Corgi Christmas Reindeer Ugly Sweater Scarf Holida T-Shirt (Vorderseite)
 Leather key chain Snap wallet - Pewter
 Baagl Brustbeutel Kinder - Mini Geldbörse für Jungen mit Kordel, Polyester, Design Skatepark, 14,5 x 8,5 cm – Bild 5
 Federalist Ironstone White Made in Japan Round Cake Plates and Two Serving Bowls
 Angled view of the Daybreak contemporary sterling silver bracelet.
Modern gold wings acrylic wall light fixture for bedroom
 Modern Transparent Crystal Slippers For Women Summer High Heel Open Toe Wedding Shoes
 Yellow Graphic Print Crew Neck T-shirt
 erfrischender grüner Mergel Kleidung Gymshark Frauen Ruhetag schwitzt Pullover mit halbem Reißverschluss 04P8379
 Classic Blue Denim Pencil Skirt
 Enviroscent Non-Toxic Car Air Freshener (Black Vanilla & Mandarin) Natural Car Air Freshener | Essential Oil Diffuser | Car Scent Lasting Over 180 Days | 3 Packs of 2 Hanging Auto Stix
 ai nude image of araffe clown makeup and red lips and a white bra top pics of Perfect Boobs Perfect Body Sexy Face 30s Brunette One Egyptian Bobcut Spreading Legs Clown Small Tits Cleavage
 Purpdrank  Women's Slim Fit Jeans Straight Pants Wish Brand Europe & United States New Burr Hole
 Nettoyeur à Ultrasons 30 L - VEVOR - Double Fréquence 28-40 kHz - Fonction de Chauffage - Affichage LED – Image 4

== Brief ==
Repeat exactly the lines from the first line of the records above through the line containing "Federalist Ironstone White", both included, and nothing else.

== Reply to the task ==
Corgi Christmas Reindeer Ugly Sweater Scarf Holida T-Shirt (Vorderseite)
 Leather key chain Snap wallet - Pewter
 Baagl Brustbeutel Kinder - Mini Geldbörse für Jungen mit Kordel, Polyester, Design Skatepark, 14,5 x 8,5 cm – Bild 5
 Federalist Ironstone White Made in Japan Round Cake Plates and Two Serving Bowls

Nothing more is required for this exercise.